Playing off a subject introduced in this post at Video Meliora, I present the books I most enjoyed reading in 2006 (which is not a list of the best books of 2006, because I didn't read many of the books published in that year--that will come after there's been time for the wheat and the chaff to be separated.)
Cormac McCarthy--The Road (a real 2006 book)
Diane Setterfield--The Thirteenth Tale ( a real 2006 book)
Michael Dirda--Open Book
Khaled Hosseini--The Kite Runner
Madaleine St. John--The Essence of the Thing
Muriel Spark--A Far Cry From Kensington
Naomi Novik--His Majesty's Dragon
Thomas Howard--Dove Descending (a study of Four Quartets by T.S. Eliot
Stephen King--The Colorado Kid
In all, some very Catholic books--(Spark, St. John, Howard, and, in a very loose sense Dirda [after all, who else would include Doestoevsky and Georgette Heyer on the list of all-time great writers?)--some very sobering books (McCarthy and Hossseini) and some real fun (Novik, King, and Setterfield).

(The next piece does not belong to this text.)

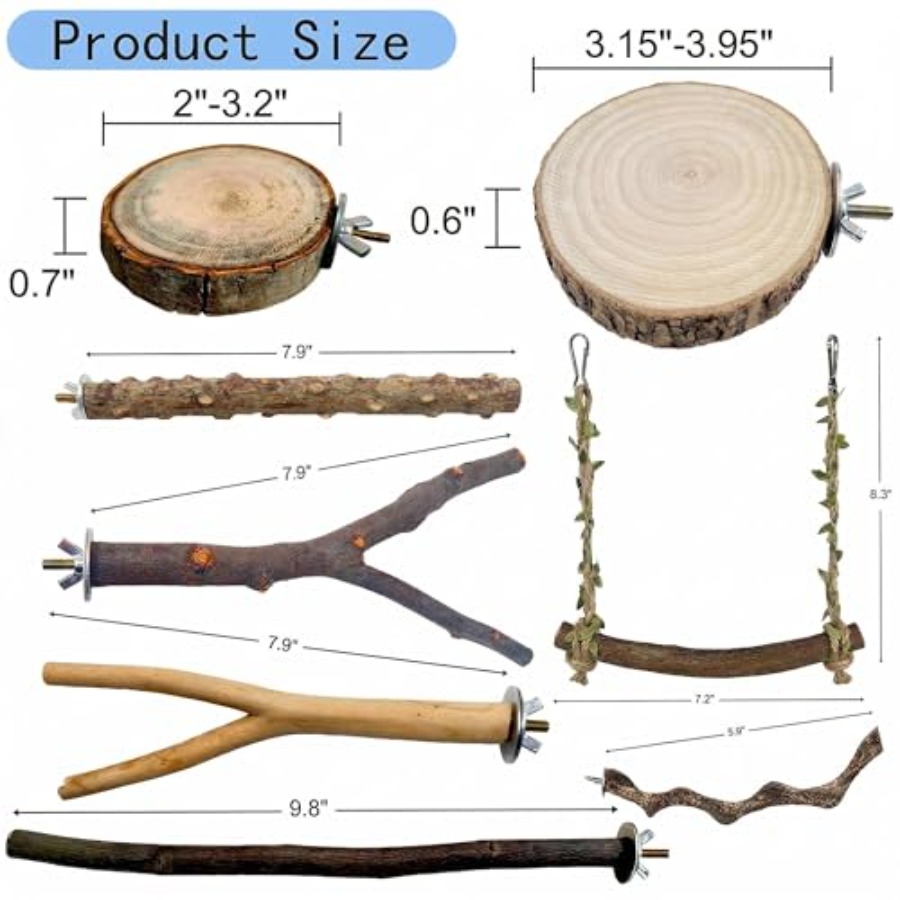 8PCS natural wood bird perches - Health & Wellness Studio ulasan dan harga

Two books would have been contenders had I actually finished them--and will probably be at the top of next year's list--
Hammer and Fire Fr. Raphael Simon O.C.S.O.
Union with God Blessed Columba Marmion
Also on the list, but far more controversial: Anne Rice Christ the Lord: Out of Egypt.
Further, I must add that those books which TSO lists and I have also read I concur with heartily. (Helena and In the Heart of the Sea.) I'm encouraged to see Mayflower on the list as well. Once always has trepidation over possible historical revisionism.